**TASK DETAILS**
Using the data that follows, give again word for word the lines between the one holding "244641-21-2 structure" and the one holding "54 Honeyeater Circuit, Mitchell", inclusive. Omit the pictures.

**DATA IN THIS EXERCISE**
—————

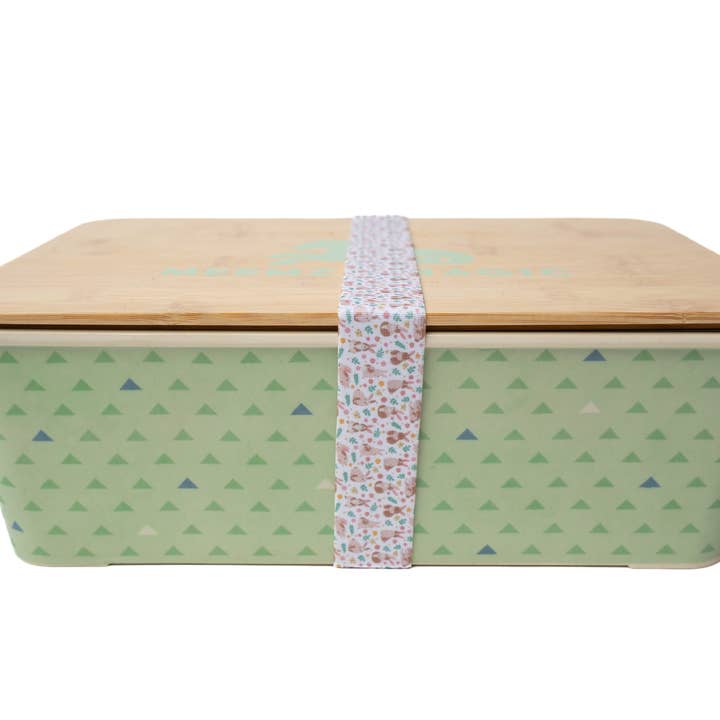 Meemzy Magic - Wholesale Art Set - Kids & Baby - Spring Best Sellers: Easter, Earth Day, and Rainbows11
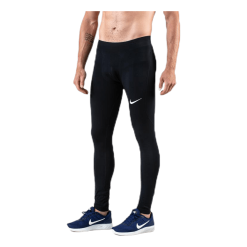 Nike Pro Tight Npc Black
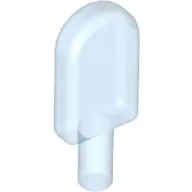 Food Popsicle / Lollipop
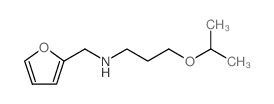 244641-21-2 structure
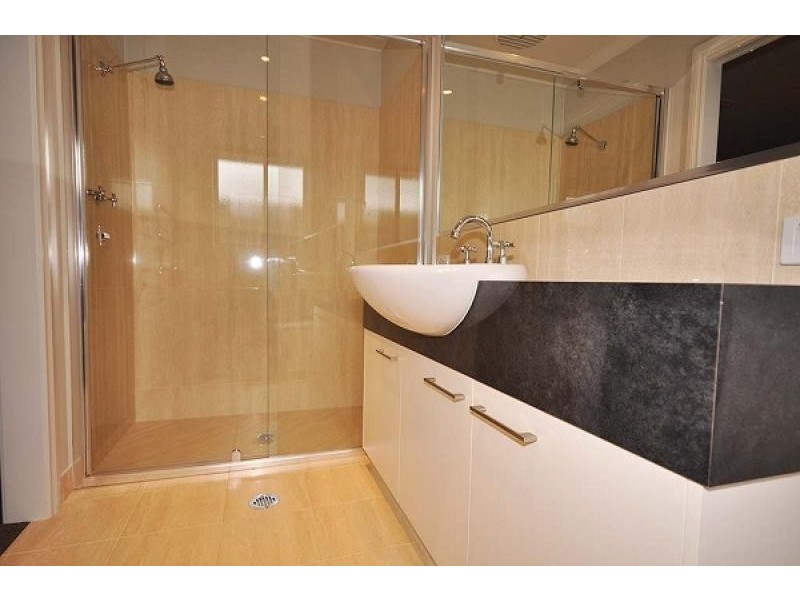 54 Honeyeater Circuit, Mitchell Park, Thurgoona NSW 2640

—————

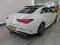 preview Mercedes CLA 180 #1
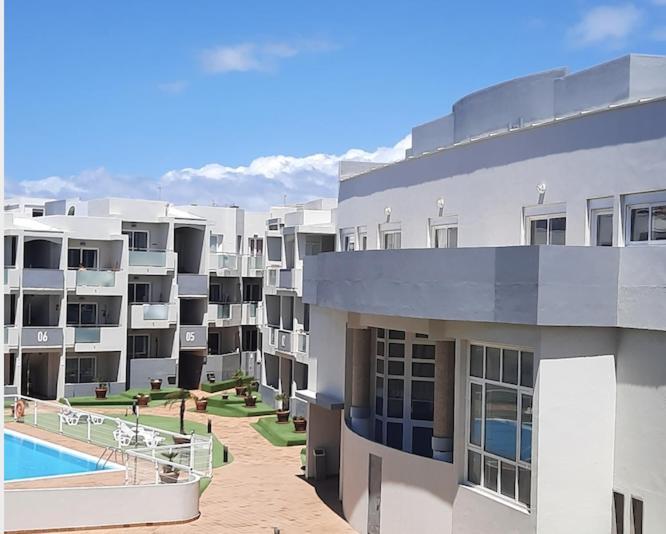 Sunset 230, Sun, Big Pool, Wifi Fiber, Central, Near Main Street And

—————

**EXERCISE SOLUTION**
 244641-21-2 structure
 54 Honeyeater Circuit, Mitchell Park, Thurgoona NSW 2640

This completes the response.